The Gamers
GRAPHIC DESIGN STUDENT, TATTOO-ARTIST-IN-DEVELOPMENT, AND MUSICIAN HARRISON GERRARD HAS BEEN GAMING SINCE HIS DAD BOUGHT HIM HIS FIRST X-BOX WHEN HE WAS 5.
Harrison Gerrard (19) has always loved gaming for the sense of escape it offers, the way in which it can transport you away from the daily grind.
“When I was about 16 I used to come home from school and game for about six hours at a time. It was an amazing escape from stuff that was happening in my life at the time.”
He moved on from his early X-Box to a MacBook ... which always overheated and crashed halfway through games.
So a few years back he picked up the components for a bespoke PC and created a dream machine that allowed to him to play uninterrupted.
“People spend thousands of dollars making their own gaming PCs — I spent about $1100, which wasn’t too bad. It runs really smoothly.”
Every tribe has its pariahs; in the PC gaming world they are PlayStation and X-Box users.

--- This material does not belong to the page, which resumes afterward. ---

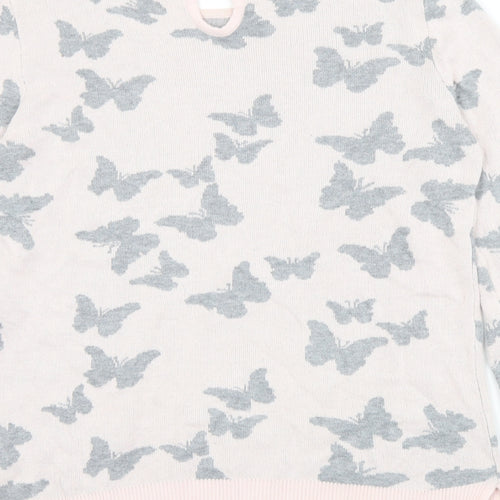 M&Co Womens Pink Boat Neck Geometric Viscose Pullover Jumper Size 10   - Butterflies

“It’s called the console wars. There’s a subreddit called PC
Master Race,” says Gerrard.
“I go on there and have a laugh, but some people take it very seriously, which is ridiculous.”
Then there’s the stereotypes. Gerrard says that players of games such as Skyrim (an open-world action role playing game) attracts the “typical nerds” — Lord of the Rings fans, the people who would have been drawn to Dungeons and Dragons.
League of Legends players (a multiplayer battle game) would be typified as “young Asian guys who never see the sun and Counter Strike (which Gerrard plays) is filled with “regular white males, aged from mid-teens to early 20s”.
He says he’s always surprised at how many people game — it’s no longer the preserve of geeks and shut-ins.
“There are a lot more people than I expect. I’m often surprised by the people I meet who are really into it.”